# What to do
Repeat the data in full and exactly. Leave the pictures out.

# Provided data
....

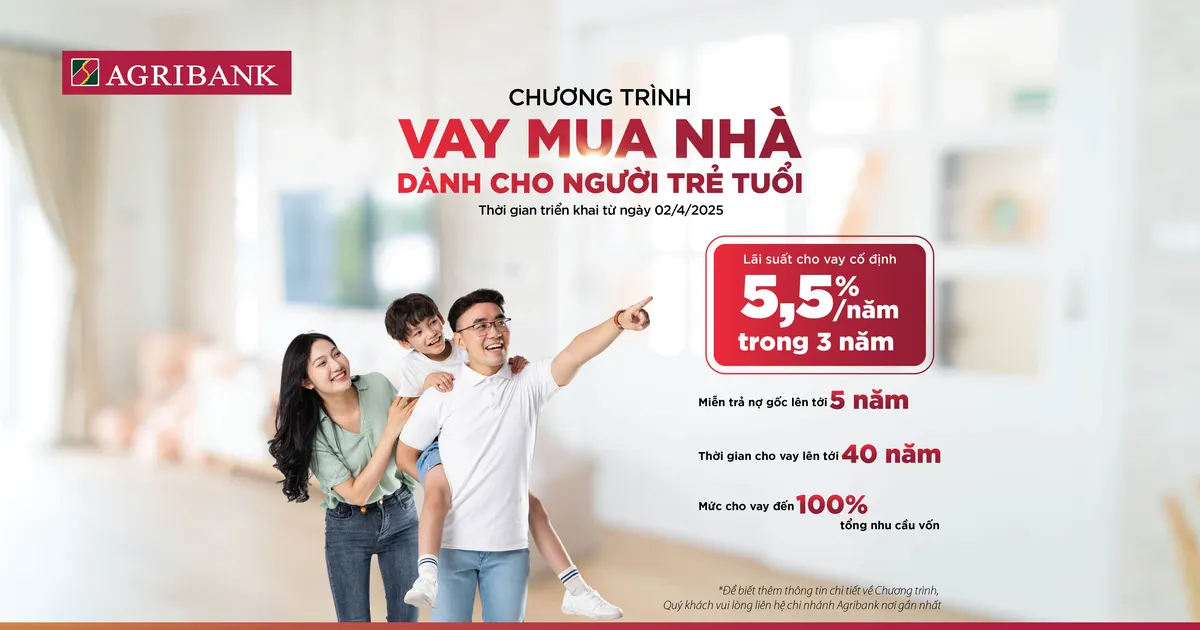 GÓI VAY MUA NHÀ DÀNH CHO NGƯỜI DƯỚI 35 TUỔI TẠI AGRIBANK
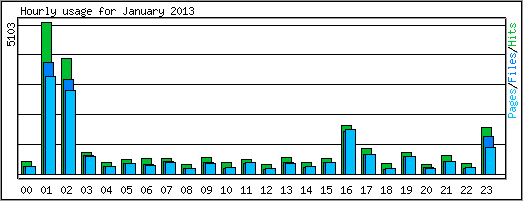 Hourly usage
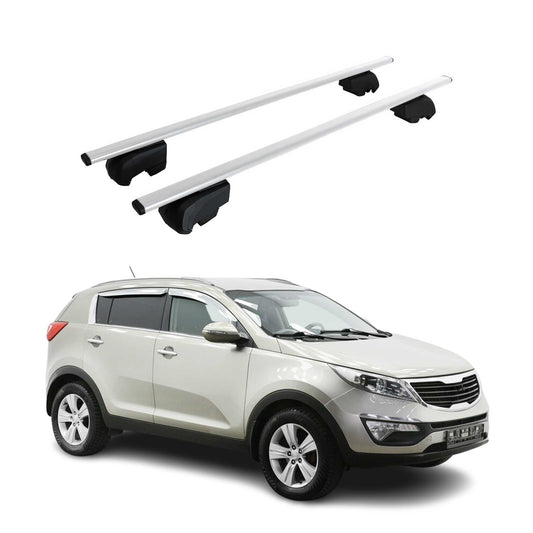 Dachträger Grundträger für Kia Sportage 2010-2015 Metall Silber ABE 2x OMAC DE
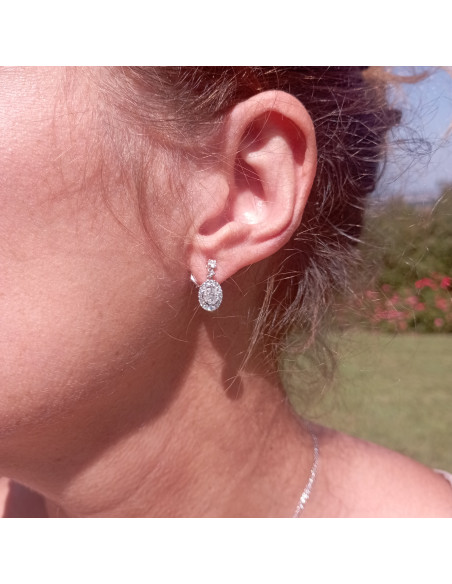 Crivelli Diamonds Collection Серьги "ОВАЛ" из золота и бриллиантов 0,84 кар - 035-VE26040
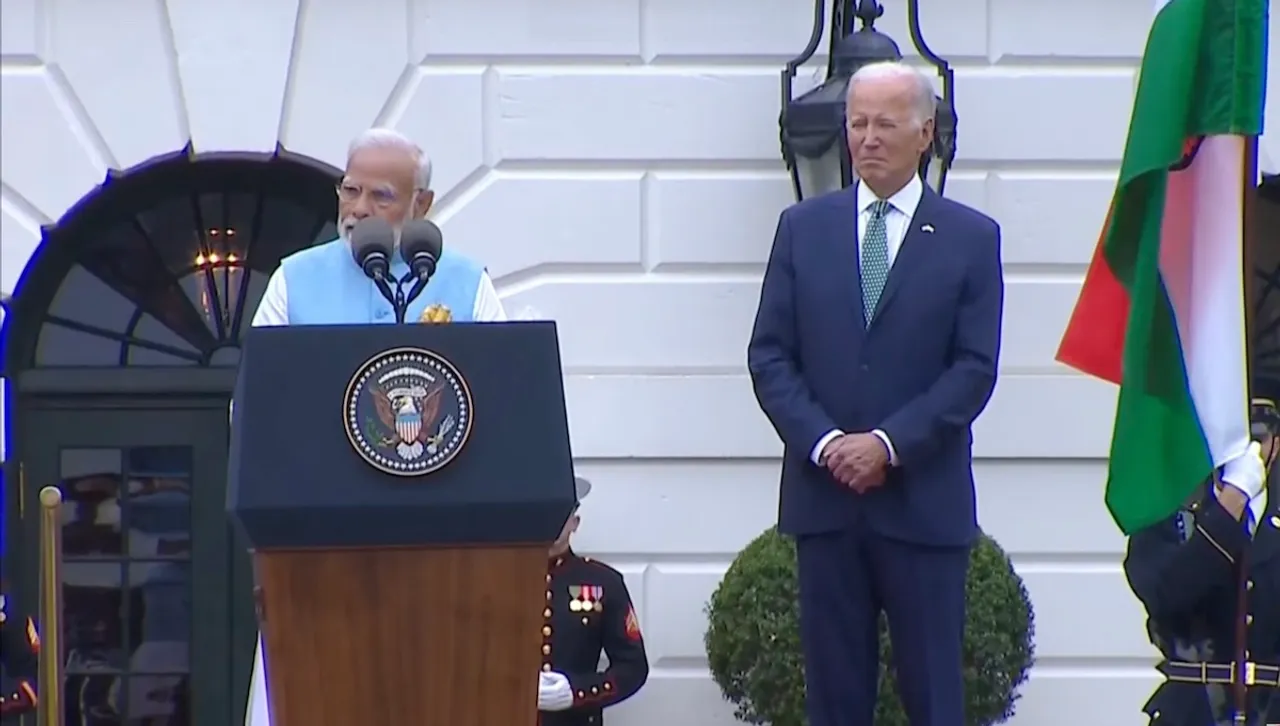 Narendra Modi and Joe Biden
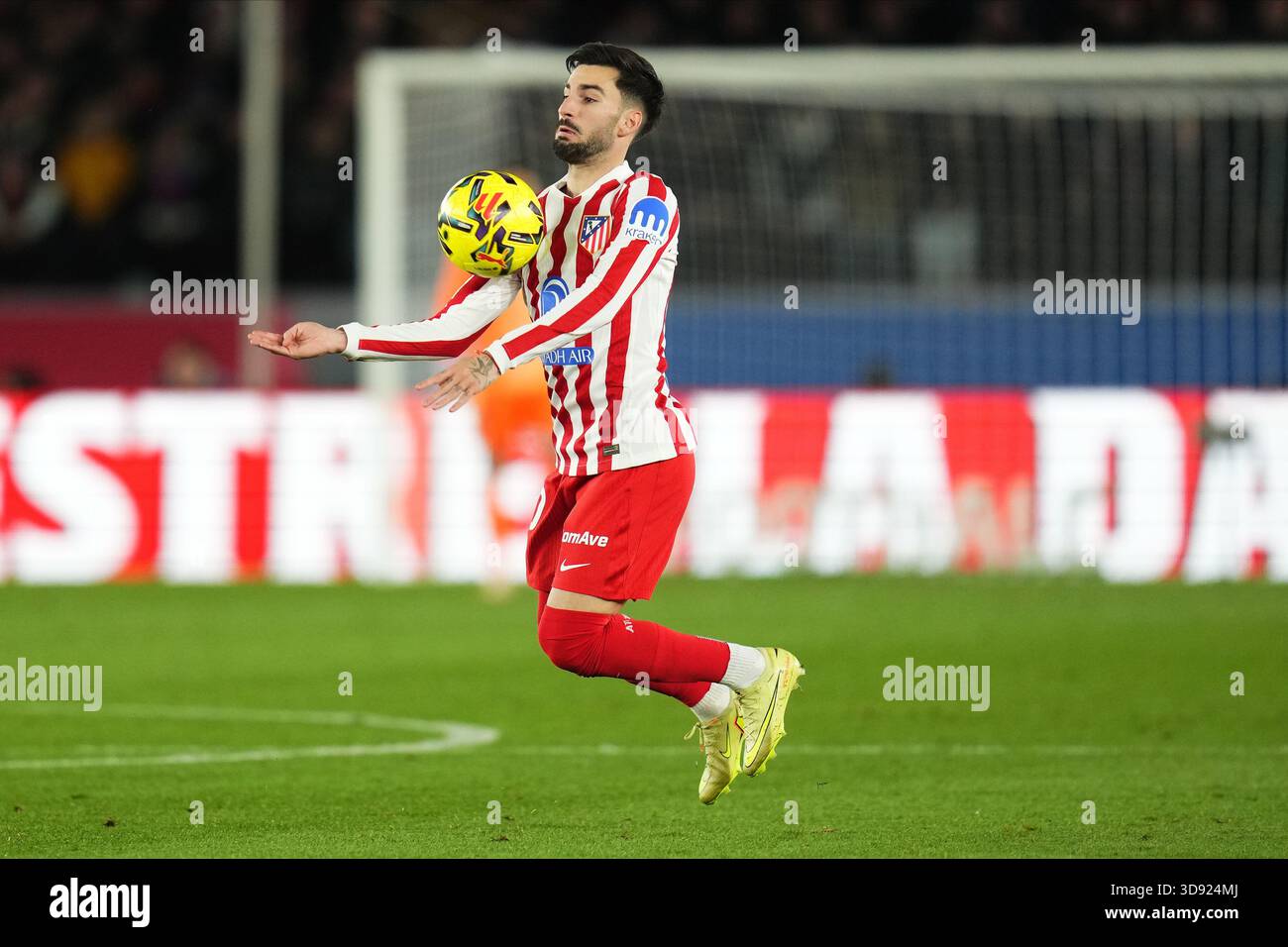 Barcelona, Spain. 03rd Dec, 2025. Alex Baena of Atletico de Madrid during the La Liga EA Sports match between FC Barcelona and Atletico de Madrid played at Spotify Camp Nou Stadium on December 2 2025 in Barcelona, Spain. (Photo by Bagu Blanco/PRESSIN) Credit: PRESSINPHOTO SPORTS AGENCY/Alamy Live News Stock Photo
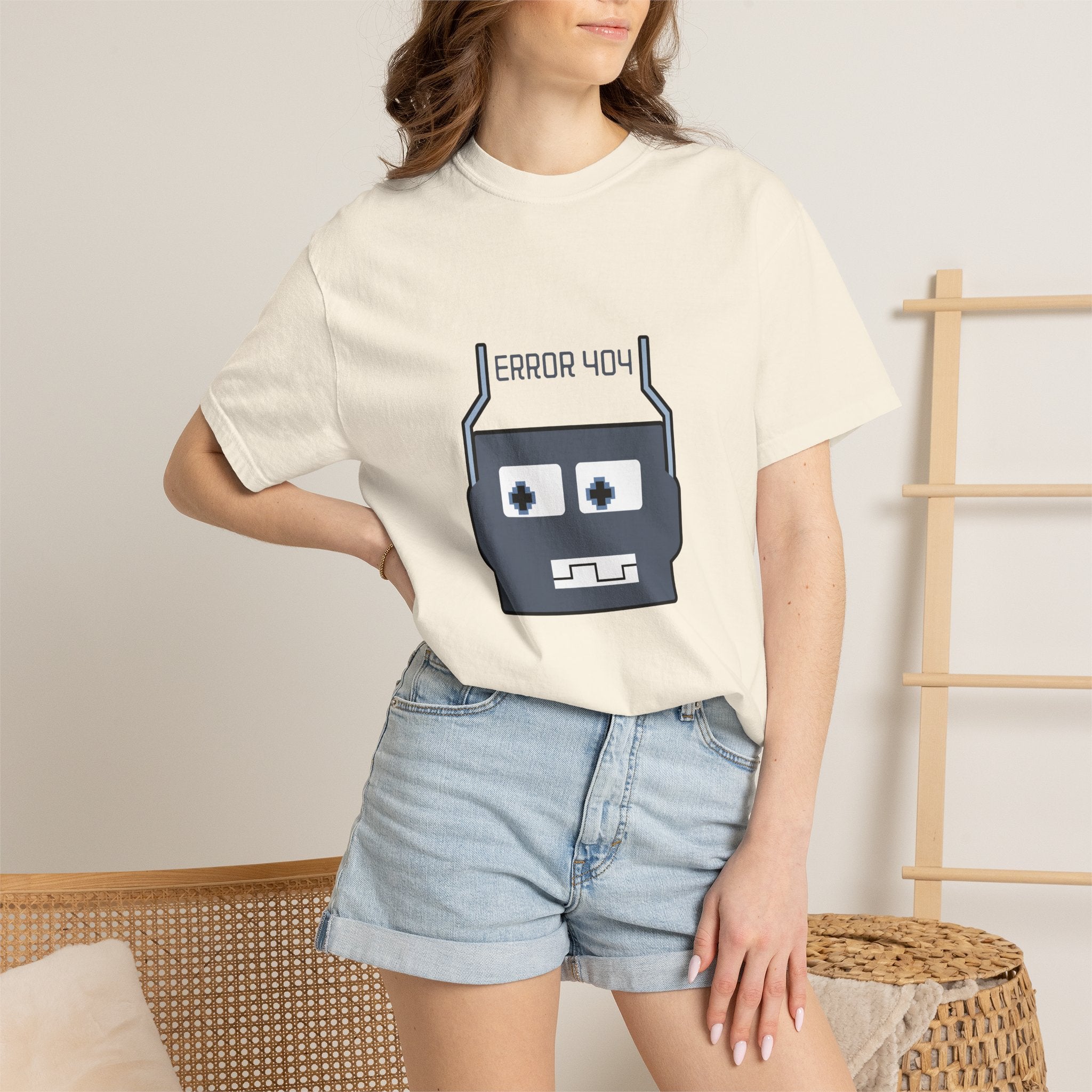 Error 404 Robot T-Shirt — Retro Tech Graphic Tee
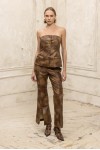 Leather and Spice pants faded brown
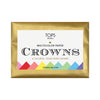 Multicolor Tissue Paper Crowns Set of 8-packaging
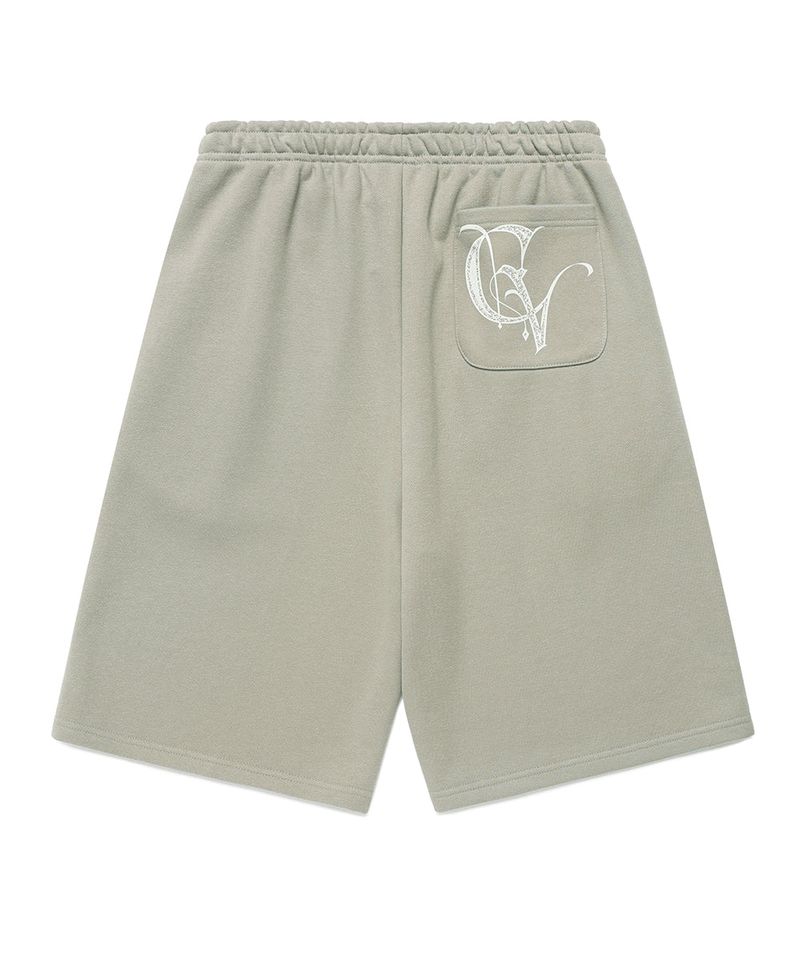 W STEM SWEAT SHORTS KHAKI(CV2FMFPA00A)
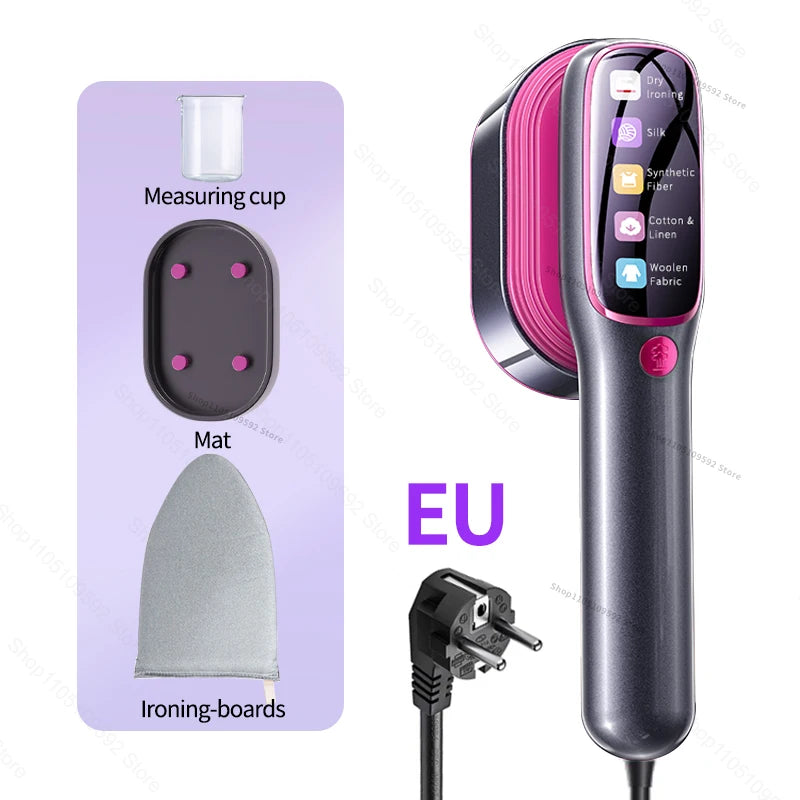 Fabric Professional Press Board Iron Machine with Home Vertical Steam Iron Handheld Garment Steamer Portable for Clothes Fast Heating Travel Business Trip Steam iron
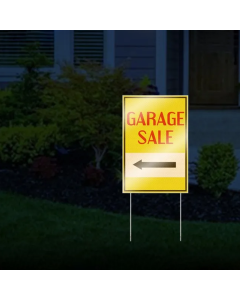Garage Sale Yard Sign HIP Reflective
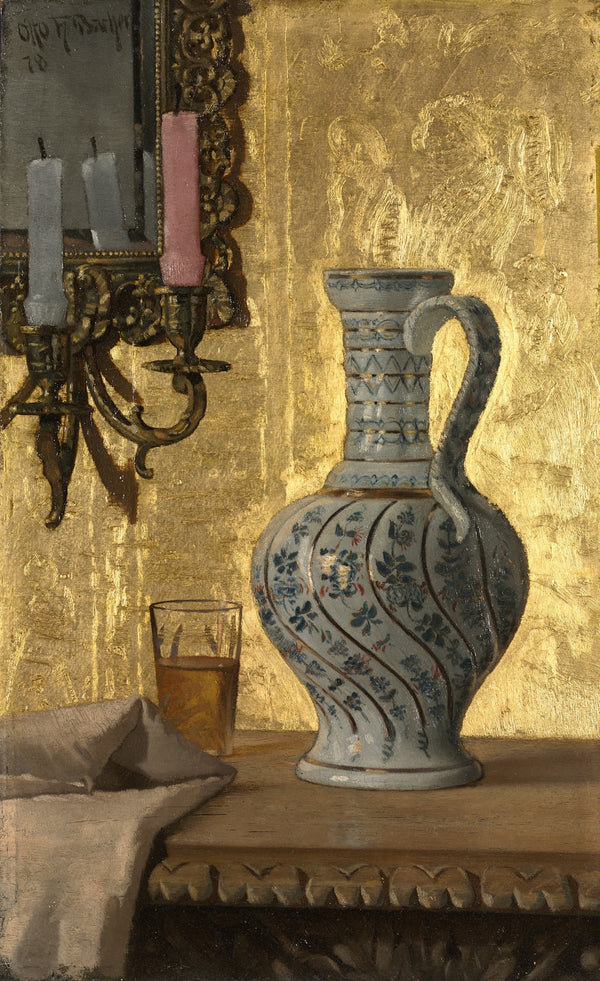 Pitcher And A Glass On A Table 1878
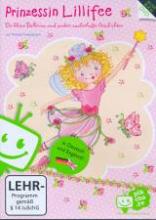 Titelbild von Prinzessin Lillifee - Fee im Cartoon Stil mit Zauberstab fliegend auf rosarotem Hintergrund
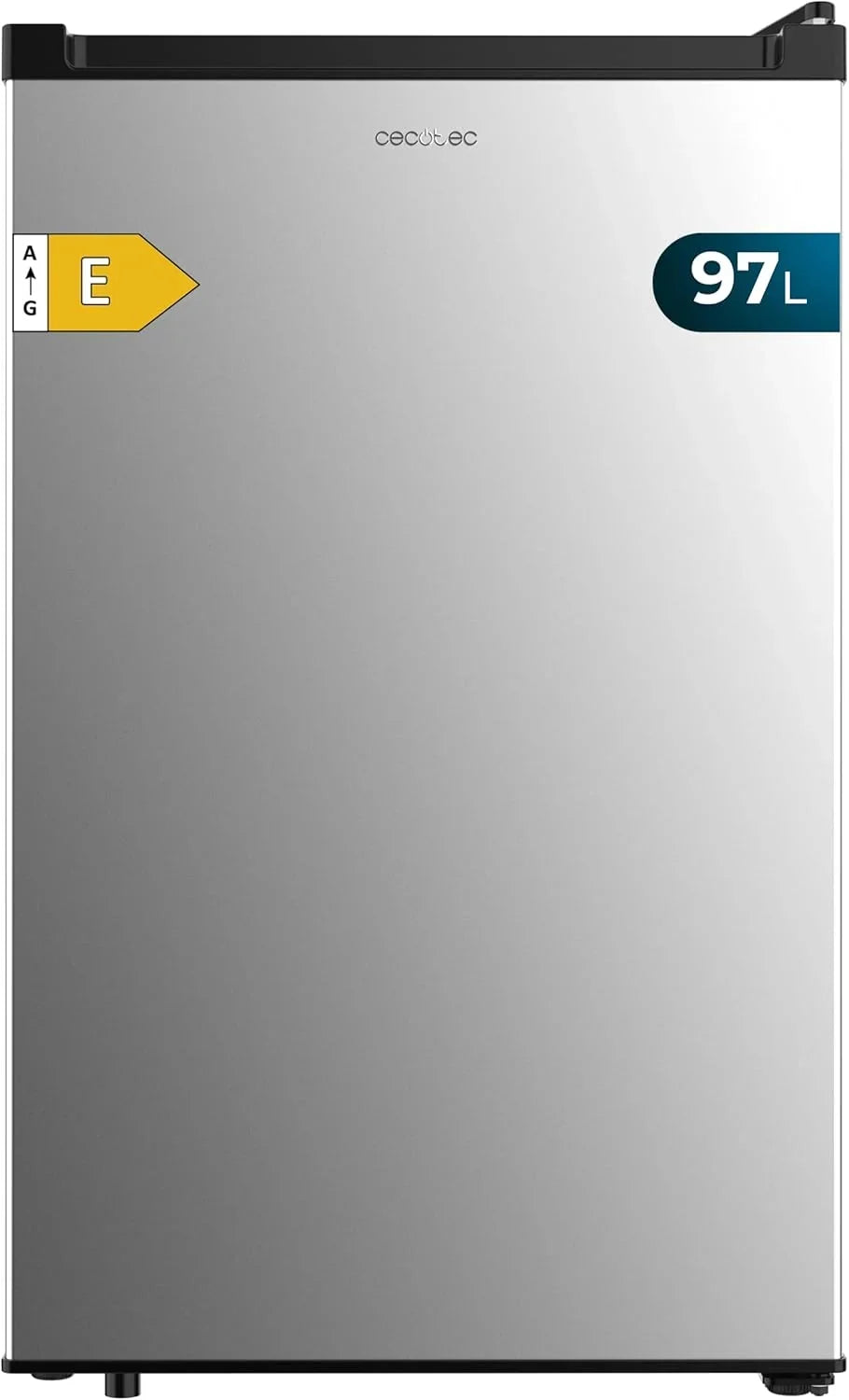 Cecotec Congelador Vertical Sobremesa 97 L Bolero CoolMarket TF 97 Inox. Clase Energética E. Diseño compacto. Puerta reversible. 3 Cajones. Medidas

....

# Your solution
 GÓI VAY MUA NHÀ DÀNH CHO NGƯỜI DƯỚI 35 TUỔI TẠI AGRIBANK
 Hourly usage
 Dachträger Grundträger für Kia Sportage 2010-2015 Metall Silber ABE 2x OMAC DE
 Crivelli Diamonds Collection Серьги "ОВАЛ" из золота и бриллиантов 0,84 кар - 035-VE26040
 Narendra Modi and Joe Biden
 Barcelona, Spain. 03rd Dec, 2025. Alex Baena of Atletico de Madrid during the La Liga EA Sports match between FC Barcelona and Atletico de Madrid played at Spotify Camp Nou Stadium on December 2 2025 in Barcelona, Spain. (Photo by Bagu Blanco/PRESSIN) Credit: PRESSINPHOTO SPORTS AGENCY/Alamy Live News Stock Photo
 Error 404 Robot T-Shirt — Retro Tech Graphic Tee
 Leather and Spice pants faded brown
 Multicolor Tissue Paper Crowns Set of 8-packaging
 W STEM SWEAT SHORTS KHAKI(CV2FMFPA00A)
 Fabric Professional Press Board Iron Machine with Home Vertical Steam Iron Handheld Garment Steamer Portable for Clothes Fast Heating Travel Business Trip Steam iron
Garage Sale Yard Sign HIP Reflective
 Pitcher And A Glass On A Table 1878
 Titelbild von Prinzessin Lillifee - Fee im Cartoon Stil mit Zauberstab fliegend auf rosarotem Hintergrund
 Cecotec Congelador Vertical Sobremesa 97 L Bolero CoolMarket TF 97 Inox. Clase Energética E. Diseño compacto. Puerta reversible. 3 Cajones. Medidas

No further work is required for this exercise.